#### [Extracted data]
::::
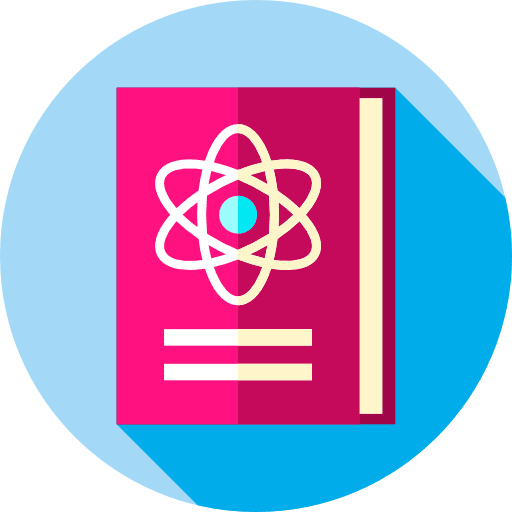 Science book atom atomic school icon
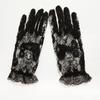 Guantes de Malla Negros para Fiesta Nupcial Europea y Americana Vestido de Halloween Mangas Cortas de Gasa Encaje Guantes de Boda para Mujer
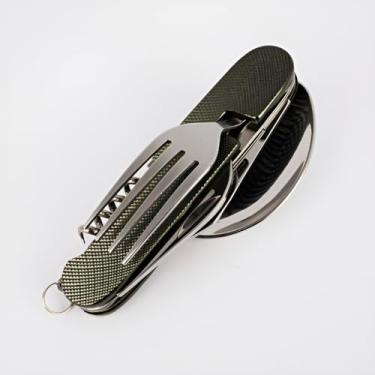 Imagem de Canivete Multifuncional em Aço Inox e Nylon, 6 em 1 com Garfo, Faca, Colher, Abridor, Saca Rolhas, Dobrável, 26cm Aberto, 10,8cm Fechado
::::
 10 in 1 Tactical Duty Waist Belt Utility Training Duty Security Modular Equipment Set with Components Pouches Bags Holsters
::::
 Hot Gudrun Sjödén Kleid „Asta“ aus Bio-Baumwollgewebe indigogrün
::::
#### [Instructions to follow]
Quote word for word only the lines above from the one containing "Guantes de Malla" through the one containing "Imagem de Canivete". Pictures stay out of your copy.

#### [Solution to the problem]
 Guantes de Malla Negros para Fiesta Nupcial Europea y Americana Vestido de Halloween Mangas Cortas de Gasa Encaje Guantes de Boda para Mujer
 Imagem de Canivete Multifuncional em Aço Inox e Nylon, 6 em 1 com Garfo, Faca, Colher, Abridor, Saca Rolhas, Dobrável, 26cm Aberto, 10,8cm Fechado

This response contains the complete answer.